Skating on Thin Ice
Posted September 6, 2007 in Solving Global Warming
One of the most dramatic and visual manifestations of global warming is the declining expanse of arctic sea ice. The data coming out of the Arctic now are shocking even to those of us who read bad news about global warming for a living. Scientists at the National Snow and Ice Data Center are now tracking Arctic sea ice expanse in real time and a new record low is being set just about every day. As of September 4, 2007 Arctic sea ice extent was 4.42 million square kilometers (1.70 million square miles), almost 20 percent lower than the record low set on September 20-21 2005. September typically has the lowest monthly average sea ice extent, but August 2007 has already set the record for the lowest monthly average ever recorded by satellite for any month—a startling 31% below the average for all Augusts since 1979. We can expect new record daily lows through at least the middle of September and a new record monthly low when the full month’s data come in.

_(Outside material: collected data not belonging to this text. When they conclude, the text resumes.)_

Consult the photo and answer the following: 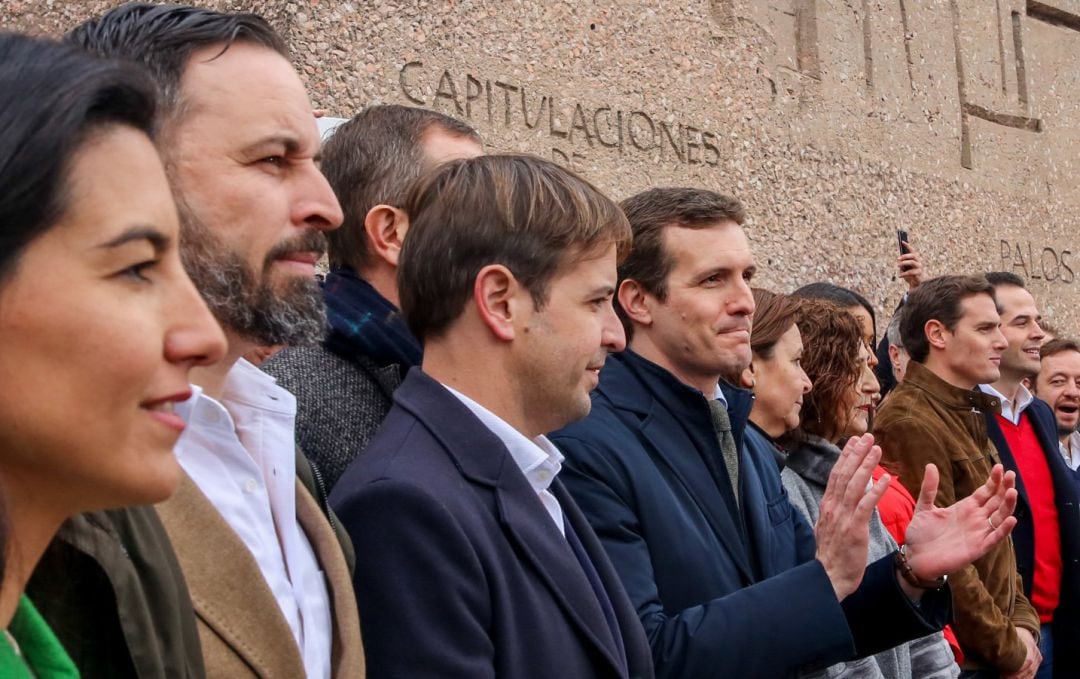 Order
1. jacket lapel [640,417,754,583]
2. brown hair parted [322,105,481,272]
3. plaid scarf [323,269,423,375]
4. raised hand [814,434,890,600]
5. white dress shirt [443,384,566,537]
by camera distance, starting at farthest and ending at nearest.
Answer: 1. jacket lapel [640,417,754,583]
2. brown hair parted [322,105,481,272]
3. raised hand [814,434,890,600]
4. plaid scarf [323,269,423,375]
5. white dress shirt [443,384,566,537]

Climate models predicted abrupt and widespread sea ice melting early in the 21st century, beginning as soon as 2015, but it seems that the real world continues to outpace even worse case scenarios. Arctic sea ice is already floating so melting it does not add to sea level, but it does accelerate global warming because sea ice is better at reflecting back the sun’s rays than is open water, which absorbs more solar heat. Melting glaciers, on the other hand, do add to sea level and they are also melting faster than expected according to Mark Meier of the University of Colorado and colleagues who reported their findings in the August 24th issue of Science.
You can read more about these and other recent scientific findings in the Science Update I recently compiled for distribution to Congressional offices. Its not a pretty picture, but if pictures are worth a thousand words maybe the image of the shrinking ice cap will help compel Congress to act.